Are Tech Companies Keeping Up with the Digitization of Data?
We are living in a world where digital data is booming at an extreme pace. Between 2010 and 2020, a fifty-fold growth is expected. Fortunately, architectures and technologies also have been rapidly evolving to keep up with the exponential growth of data by creating a new big data species.
Let's briefly walk through prospective technologies that have already proven their effectiveness in real life.
Hadoop-Based Platforms
This direction is driven by top vendors such as Cloudera, Hortonworks, and MapR, with an ambitious goal to become the ultimate data operating system. They integrate emerging open source technologies, as well as support a high variety of use cases larger than petabytes of data, from acquiring and storing all enterprise data in a data lake (such as the Hadoop Distributed File System) to data warehousing and SQL-like interactive analytics (such as Impala, Spark SQL, Hive Stinger).
Extended Database Management Systems
Vendors driving further evolution of analytical database management systems include Teradata, HP Vertica, MS PDW, IBM Netezza, and Oracle Exadata. They continue leveraging relational principles that are unbeaten for data warehousing, achieving high data quality, and fast ad-hoc data analysis. At the same time, this group managed to extend SQL compatible scalability to tens and hundreds of terabytes using massive parallel processing and column-oriented architecture.
NoSQL Databases
The NoSQL (or "not only SQL") movement is driven primarily by open source communities, although some technologies, such as MongoDB or Cassandra, can already offer commercial support. Being highly scalable by design, some NoSQL implementations continue to increase capabilities in real-time analytics as well as integrate with BI Platforms such as Jaspersoft, Tableau, or Microstrategy.

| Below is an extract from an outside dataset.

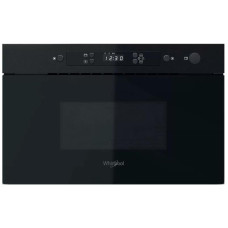 Мікрохвильова піч Whirlpool вбудована, 22л, електронне упр., 750Вт, дисплей, чорний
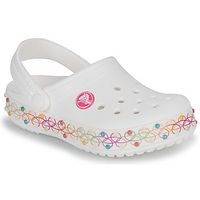 crocs zuecos crocband stretch necklace cgt para nina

Distributed Search Engines
The top two open source distributed search engines, Elasticsearch and Apache Solr, have become valuable tools not only for document indexing, but also for data analysis and exploration. After Splunk demonstrated the power of its search engine indexer that, together with data visualization, creates a highly scalable search and analytics platform, Elasticsearch actively pursued improving its integrated ELK stack (Elasticsearch, Logstash, Kibana) for solving similar business problems with the help of open source tools.
After the relational database management system dominance era ended, the "one-size-fits-all" solution disappeared. The concept of big data à la carte offers a wide selection of overlapping modern technologies, each having strengths and weaknesses.
Only a thorough analysis of business needs with the help of industry reference architectures enables the optimal technologies trade-off and provides the right tool for the right job.